Look below for the line that contains "Cozy home with" and the line that contains "AUDEMARS PIGUET ROYAL OAK OFFSHORE 44mm", then restate both of them and every line in between, exactly. No picture goes in the copy.

**MATERIAL FOR THIS EXERCISE:**
Segment Open
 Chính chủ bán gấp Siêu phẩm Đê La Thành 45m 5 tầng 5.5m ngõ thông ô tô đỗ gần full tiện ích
Segment Closed
Segment Open
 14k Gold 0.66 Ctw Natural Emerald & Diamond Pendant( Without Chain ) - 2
Segment Closed
Segment Open
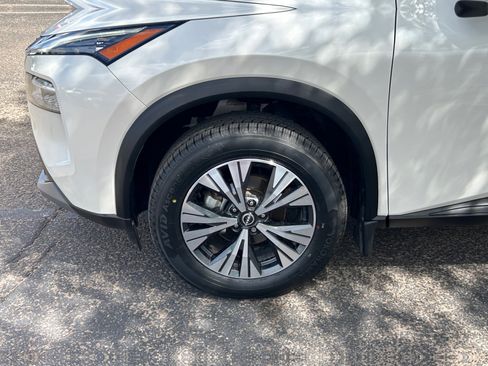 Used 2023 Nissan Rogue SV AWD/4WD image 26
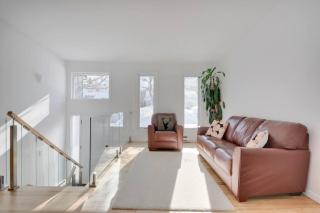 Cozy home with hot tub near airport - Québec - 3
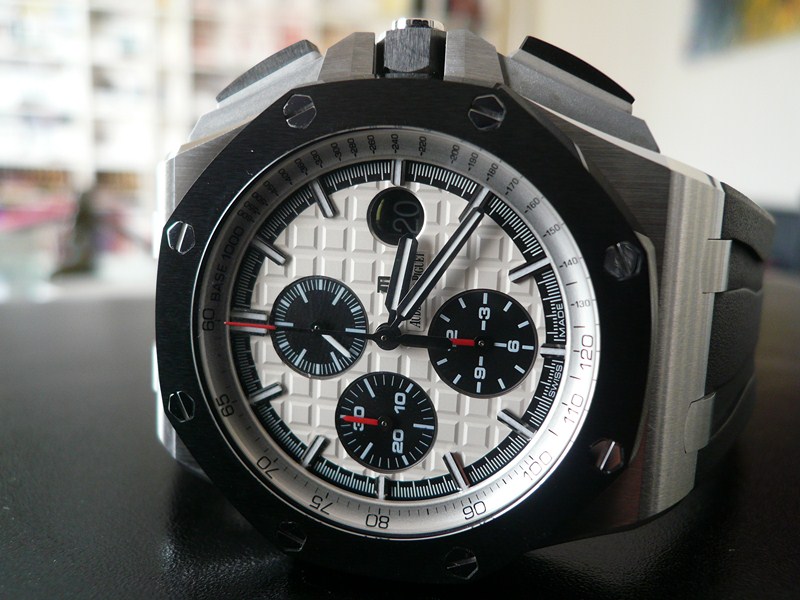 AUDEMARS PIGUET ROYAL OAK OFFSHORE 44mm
Segment Closed
**EXERCISE OUTPUT:**
 Cozy home with hot tub near airport - Québec - 3
 AUDEMARS PIGUET ROYAL OAK OFFSHORE 44mm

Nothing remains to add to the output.